Smashing Pumpkins’ ‘1979’, the dreamy pop masterwork from their infamous (and maybe a teeny bit overblown) 1995 double album ‘Mellon Collie and the Infinite Sadness’, is a track that aches with nostalgia, hope, a touch of regret and the inimitable freedom of youth. It’s a strange composition, a guitar track that feels like it works from a low-key electronic palette, the central guitar refrain a warm, low buzz that opens out in a beautiful, chiming chorus. It’s delicate, serene, knowing and – fittingly – melancholy.
The lyrics are non-specific. Like all the best lines in pop music, they invite you to project your own meaning onto them. As a depiction of adolescent longing, though, “On a live wire right above the street, you and I should meet” is up there with “I’ll dig a tunnel from my window to yours”, taken from Arcade Fire’s ‘Neighbourhood #1 (Tunnels)’. Ultimately, this is a track about teenage restlessness, boredom and the burden of your adolescent freedom, as childhood recedes and the shadows of adult responsibility edge into your life.
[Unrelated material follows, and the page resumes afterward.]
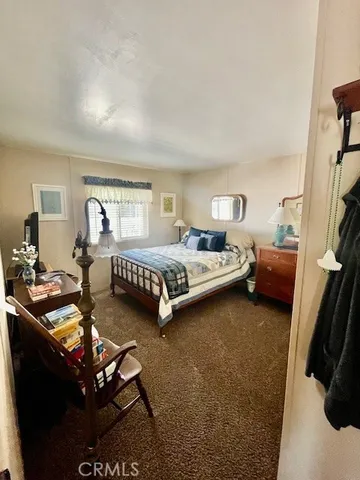 a bedroom with double bed and a couch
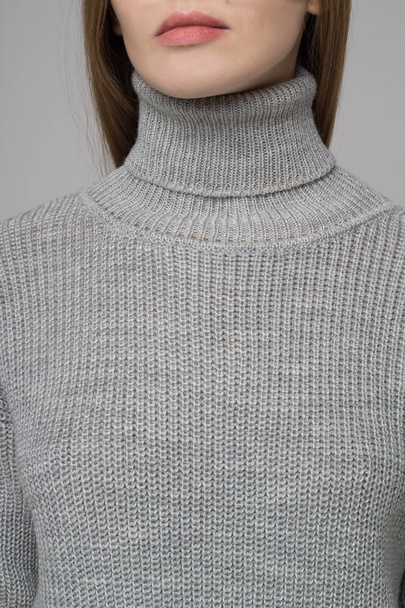 Close-up of female model corpus in grey knitted dress - Foto, afbeelding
The video is a quietly surreal collage of the swirling emotions this evokes.
Its premise: a bunch of teenage muck about in their hometown, chucking around car tires, causing chaos in the off-license, attending a house party that the Pumpkins are raucously performing at. It’s this final part that’s relevant today, given that Billy Corgan has this week announced a show that will recreate the memorable scene; fans must enter into a sweepstake in order to qualify for tickets to the small capacity knees-up in a Los Angeles residence. The show, which will be held on June 28 as part of the band’s upcoming North American tour, is not likely to capture the freewheeling feel of its inspiration, but it’s a fine opportunity to revisit the video – a classic.
And it almost didn’t happen. The band shot the video, directed by duo Jonathan Dayton and Valeria Farris (who went onto make the 2006 indie movie smash Little Miss Sunshine), before they went on tour, but footage of the party scene was left on a car roof and declared lost forever – not before ‘wanted’ posters with a $1000 reward were pasted up around Los Angeles. Eventually, the band returned to reshoot the section so iconic that the Pumpkins will soon return to it for a second time. (The video was almost directed by Spike Jonze, who wanted the band to spend over a million dollars on a video in which they hung about a space hotel in masks meant to convey elephant aliens.)
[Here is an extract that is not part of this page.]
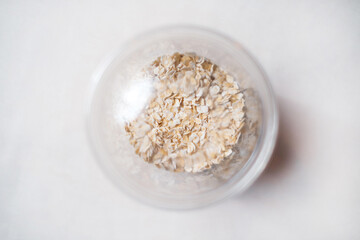Healthy takeaway food. Oatmeal in a transparent plastic container. Top view.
No wonder they’re returning to ‘1979’: the video is utterly mesmerising, threaded-through with shots of Corgan in the back seat of car, an omniscient observer of teenage pandemonium the world over, offering a wry smile as the characters’ adolescent rebellion gets more and more out of control. The fish eye lens puts the video in the midst of the action; we’ve all been there, to varying degrees. The sense of anarchy is heightened when the cops – one played drummer Jimmy Chamberlin – show up with comedy moustaches, reinforcing the notion that there are no authority figures in this teenage landscape.
It’s doesn’t celebrate the fact that the teenagers are wrecking the off-license, causing turmoil for the clerk (portrayed by guitarist James Iha) but the viewer is not encouraged to disapprove, either. This a judgment-free zone, a simple acknowledgement that, in life, we’ll do good and bad, and the world will keep turning, before “our bones will rest – to dust, I guess – forgotten and absorbed into the earth below.”
The composition carries a home video quality, as though we’ve stumbled on the teenagers’ camcorder creations. This is a moment in time, reflected in a poignant comment one fan wrote on Reddit in relation to the track: “I can remember thinking how 1979 felt like a strange and distant time to me as a 14 year old in 1995. The thought of a 14-year-old seeing 1997 in the same way now is a strange thought indeed.” The Pumpkins themselves captured the passage of time with the video to the 1998 track ‘Perfect’, which caught up on the characters from ‘1979’ as they made their through adulthood, bringing up their children, falling in love, attending parties that attempted to recreate the rush of adolescence.
There’s something a little sad about the new competition Smashing Pumpkins have launched – reunited minus original bassist and key member D’arcy Wretzky – given that it’s an unashamed grab at the past (offering winners a brief chance to escape adult routine with a two-night stay in a Hilton hotel). It’s the kind of nostalgia that those teenage punks would balk at. Yet the stunt serves serves a purpose in reminding us of the indelible power of adolescent freedom represented by the original, timeless video.